Robots That Pick Up and Sort Objects Created for Simplifying Warehouses

Researchers have developed a robot that can pick up and sort objects to help improve warehouse efficiency.

Dims

Sorting and organizing may not always be the most difficult tasks, but they can certainly get tedious. While it has been difficult in the past to teach machines to do that task, researchers at MIT and Princeton have developed a robot that can do it just that. In the future, it could be used for things like warehouse sorting or cleaning up a disaster area.

The team first trained the robot how to determine the best way to grip an object. They showed it bins of various items and then demonstrated which of four main grasping behaviors was the best option for a particular object.

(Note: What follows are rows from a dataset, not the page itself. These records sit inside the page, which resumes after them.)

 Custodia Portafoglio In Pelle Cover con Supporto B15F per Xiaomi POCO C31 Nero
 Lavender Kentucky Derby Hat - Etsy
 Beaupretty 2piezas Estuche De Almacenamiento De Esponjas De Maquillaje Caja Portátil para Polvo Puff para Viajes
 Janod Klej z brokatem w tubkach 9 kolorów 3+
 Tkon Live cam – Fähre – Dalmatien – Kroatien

They did this over and over again, labeling which attempts were successful and which were not. Eventually, they plugged all of the information in a deep neural network. 

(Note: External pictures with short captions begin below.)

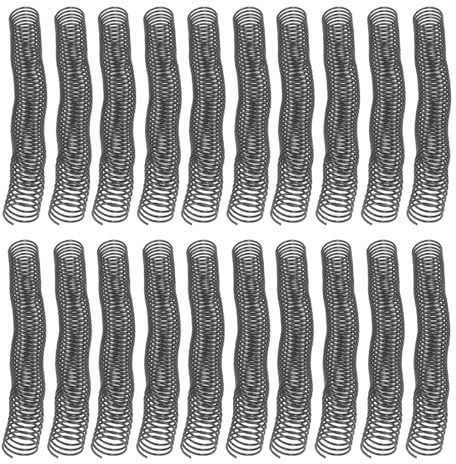 20er-Pack Kunststoff-Spiralbindespulen, 280 Blatt Kapazität, 4:1-Teilung, Spiralbindungs-Rückenbindeset, Schwarze Bindespiralen, für Bürodokumente, Geschäftsprojekte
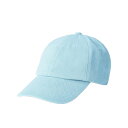 【pt10倍 27日1:59まで】POLO RALPH LAUREN MINERAL DYED TWILL BALL CAP(SKY)(ポロ ラルフ ローレン ミネラルダイド ツイル ボール キャップ)【メンズ レディース】【帽子 キャップ ロゴ 刺繍】【25SS】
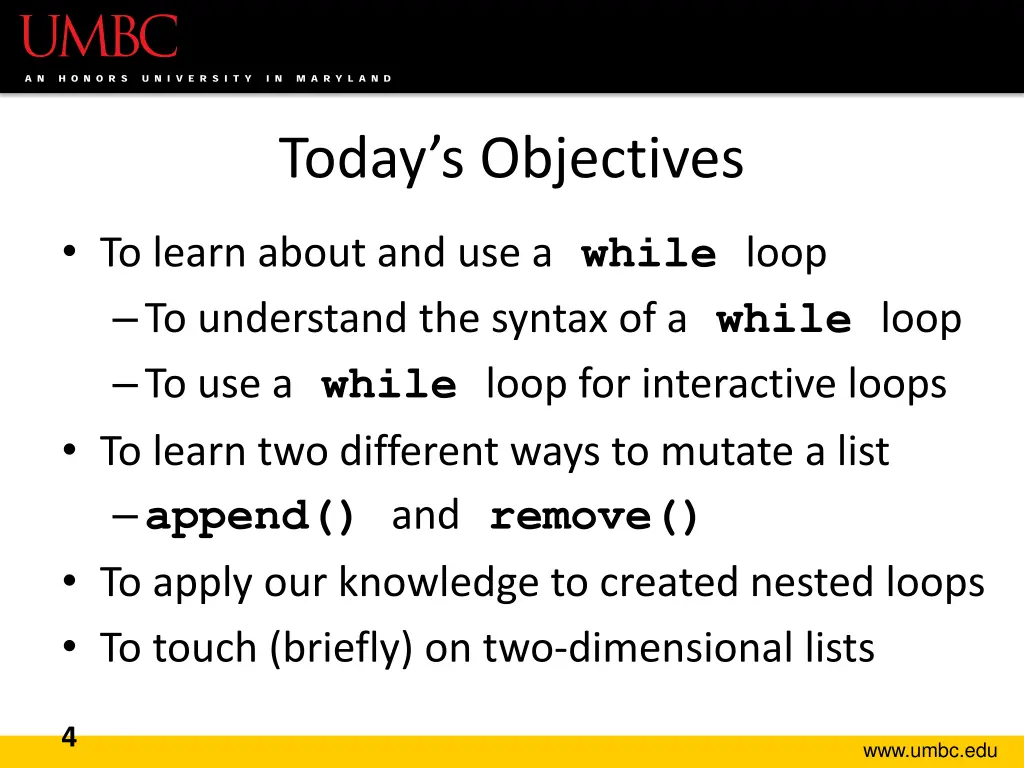 today s objectives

Once the object is gripped and lifted out of the bin, the robot then has to figure out what it is. In their setup, the researchers have a set of cameras that take pictures of the object from all sorts of angles and those images can then be compared to a library of other images the robot has access to. Once it finds a close match, the robot then moves the object to another bin, based on what the item is.

At the Amazon Robotics Challenge last July, the robot was able to successfully grasp objects 75 percent of the time and it correctly classified each novel item it was presented with.